Resilienz positiv befördernd wirken enge persönliche Kontakte. Kennen
Akteure einander, so ist es erheblich einfacher, auch in Krisenzeiten
Handlungsfähigkeiten zu bewahren und Maßnahmen zum Umgang mit der Krise zu
entwickeln bzw. umzusetzen. Damit verbunden sind grenzüberschreitende
Akteursnetzwerke, die mit Nachdruck aufzubauen und aktiv zu halten sind,
da ein regelmäßiger formeller wie informeller Austausch für gegenseitiges
Vertrauen notwendig ist. Resümierend betrachtet kommen daher
Kommunikation, Dialog und Vernetzung zentrale Bedeutung zu – und dies gilt
über Akteure im grenzregionalen Kontext hinausgehend auch für Beziehungen
zu Akteuren auf nationaler und europäischer Ebene.
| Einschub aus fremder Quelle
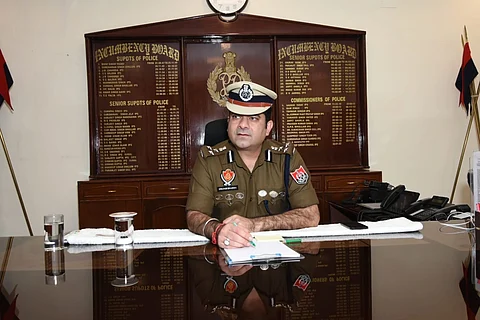 Commissionerate Police embarks special drive to check sale of China dor in wake of Makkar Sakranti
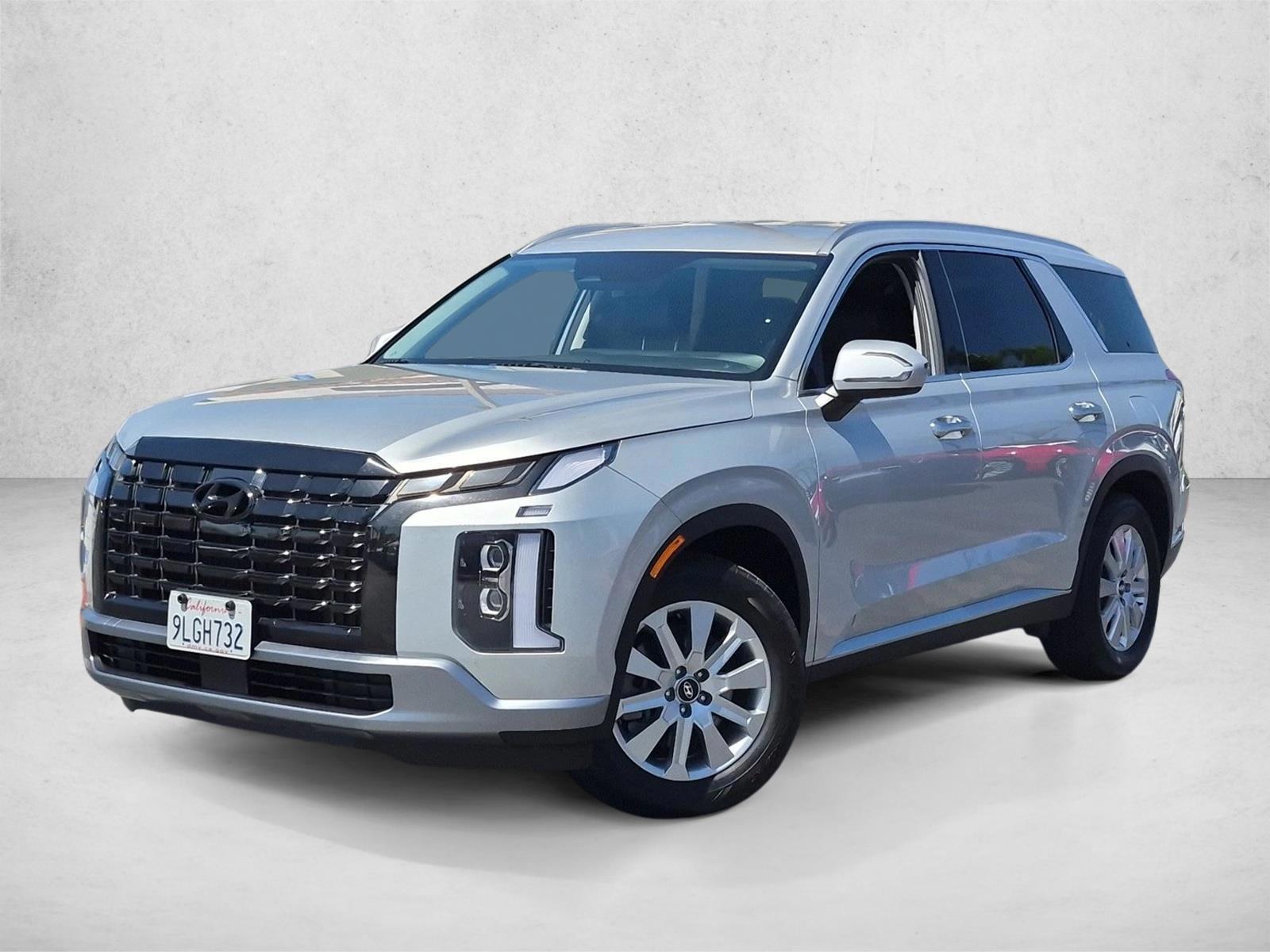 2024 Hyundai Palisade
Grenzüberschreitende Zusammenarbeit erfordert Überzeugung und intrinsische
Motivation gepaart mit gemeinsamen Themen, Zielen und Visionen, die von
Toleranz, Respekt und gemeinsamen Werten getragen werden. Darüber hinaus
braucht es Beharrlichkeit und einen ‚langen Atem‘, aber auch
Kompromissbereitschaft und Offenheit für kreative und pragmatische
Lösungen. Sollen Grenzregionen zu echten ‚living labs‘ europäischer
Integration werden, benötigen sie noch stärkere europäische und nationale
Unterstützung, immer gekoppelt an das Engagement bottom-up zur Vertiefung
der grenzüberschreitenden Kooperation.

 

***
Die jetzt erschienene Publikation ist das Arbeitsergebnis einer inter- und
transdisziplinär zusammengesetzten Arbeitsgruppe des ARL-Forums Mitte-
Südwest, die den analytischen Blick bewusst geweitet und
grenzüberschreitende Verflechtungsräume auch außerhalb der Bundesländer
Hessen, Rheinland-Pfalz und Saarland – in welchen das ARL-Forum aktiv ist
– untersucht und komparativ betrachtet hat. Die ARL – Akademie für
Raumentwicklung der Leibniz-Gemeinschaft setzt sich aus exzellenten
Fachleuten aus Wissenschaft und Praxis zusammen. Gemeinsam erarbeiten wir
zukunftsweisendes Wissen für die Gestaltung nachhaltiger Räume. Wir
greifen gesellschaftliche Herausforderungen aus räumlicher Perspektive
auf. Unser Wissenstransfer beginnt mit dem ersten Arbeitstreffen
–kooperativ, praxisnah und wirkungsorientiert.